Die Attacken Erdogans gegen Deutschland sind riskant. Für die Türkei steht viel auf dem Spiel. Denn sie ist wirtschaftlich weit stärker von Deutschland abhängig als umgekehrt.

Türkei Container im Hafen von Izmir
Bild: picture-alliance/dpa/B. Wüstneck

Mit verbalen Angriffen auf Deutschland hat Recep Tayyip Erdogan eine diplomatische Krise provoziert. Nach Absagen für geplante Wahlkampfauftritte seiner Minister hatte der türkische Präsident der Bundesrepublik "Nazi-Praktiken" und Bundeskanzlerin Angela Merkel Terrorunterstützung vorgeworfen. Auch der Fall des in der Türkei inhaftierten "Welt"-Korrespondenten Deniz Yücel belastet die Stimmung. Dabei kann sich das Land einen Streit mit Deutschland eigentlich nicht leisten - zumindest was die engen Handelsbeziehungen betrifft.
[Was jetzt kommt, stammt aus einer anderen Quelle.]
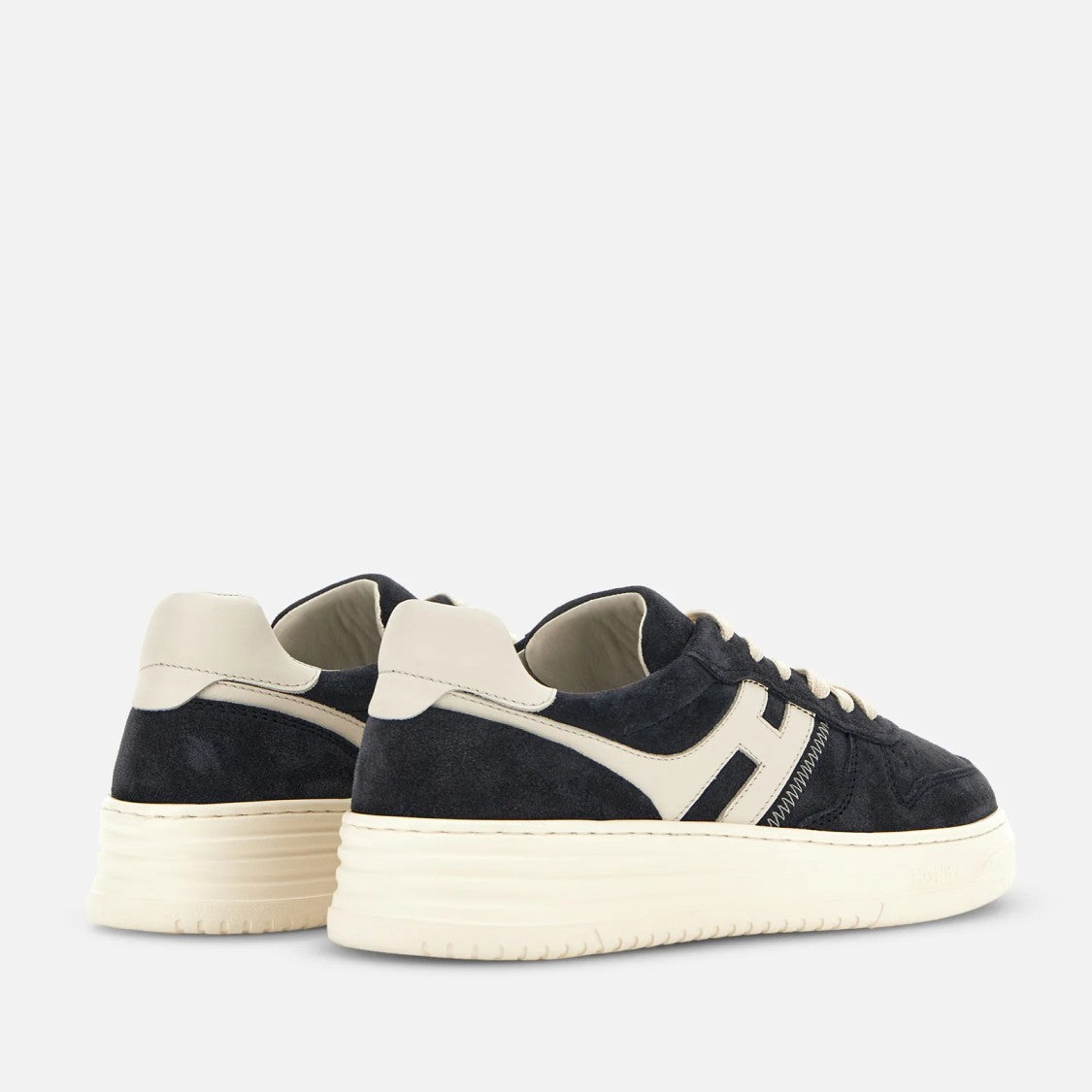 Hogan Lace-Up Navy Calfskin Shoes With Off-White Accents
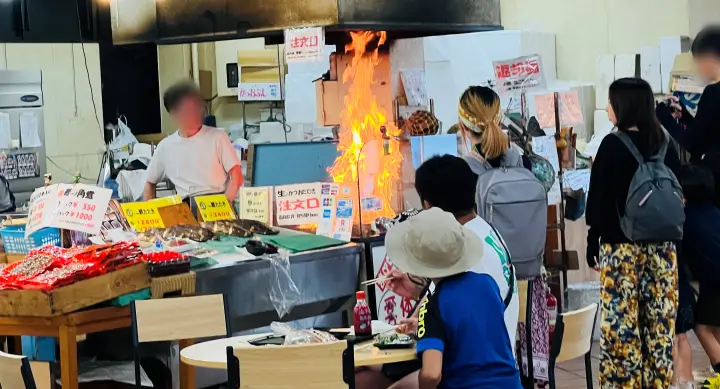 道の駅 かわうその里すさき 藁焼きカツオのたたき 実演販売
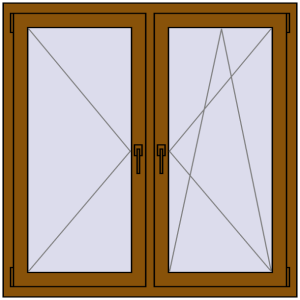 Buy Tilt-and-Turn 1200x1200 mm REHAU OPTIMUM EURO-DESIGN 70 GOLDEN OAK two-sided
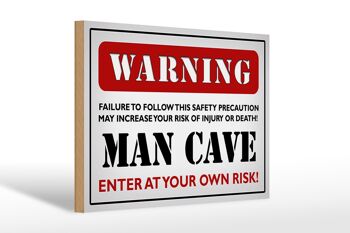 Panneau en bois disant 30x20cm Attention homme grotte entrez sous votre propre risque 1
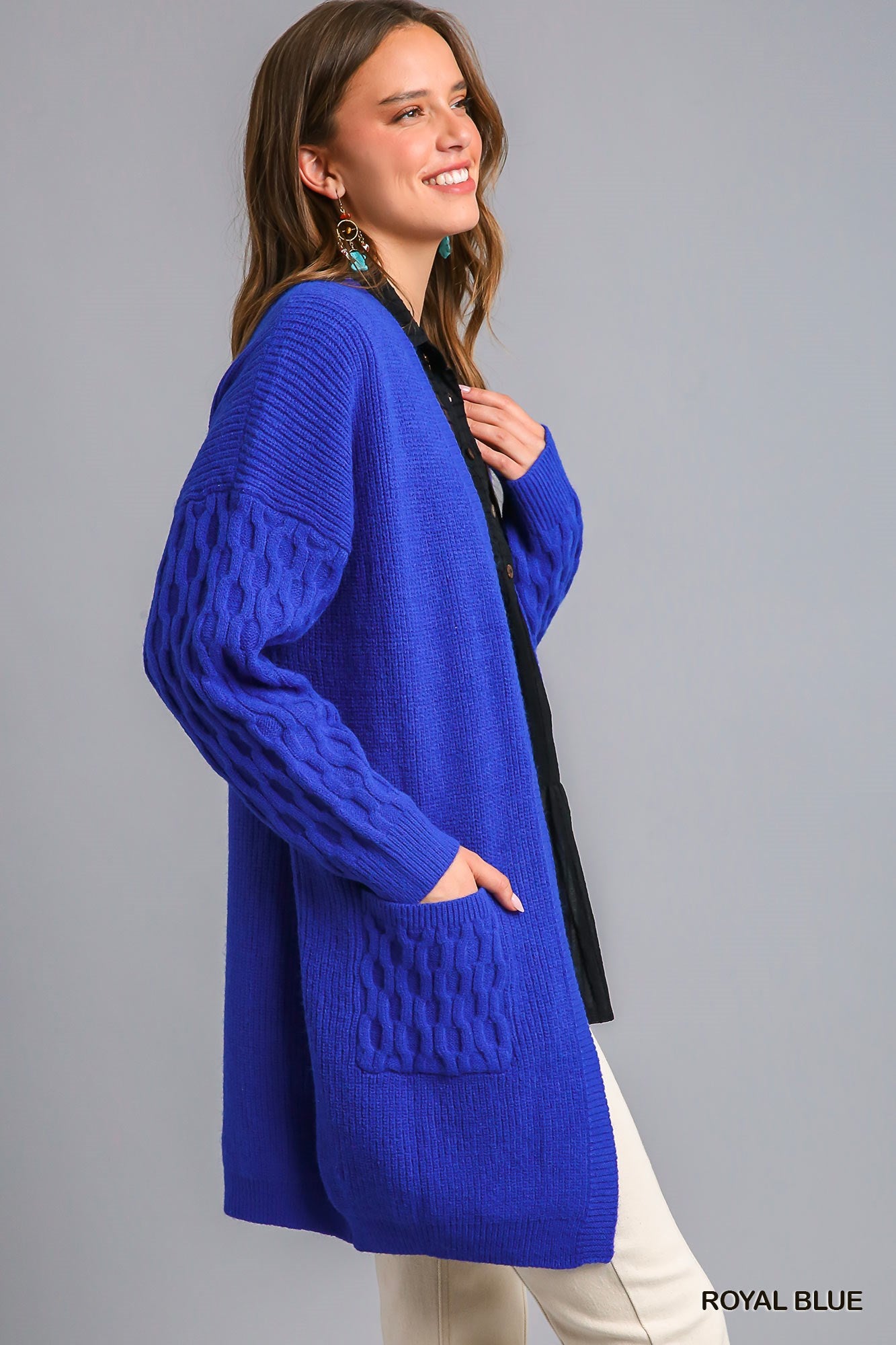 Umgee Patchwork Knitted Open Front Cardigan Sweater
In der Türkei sind die fetten Jahre vorbei. Wuchs die Wirtschaft nach der Finanzkrise um neun Prozent, hat sich das Wachstum seither deutlich abgekühlt. Für 2017 hat die Weltbank ihre Wachstumsprognose auf 2,7 Prozent gesenkt. Investoren sind verunsichert wegen Terroranschlägen und Erdogans zunehmend autoritärer Politik. 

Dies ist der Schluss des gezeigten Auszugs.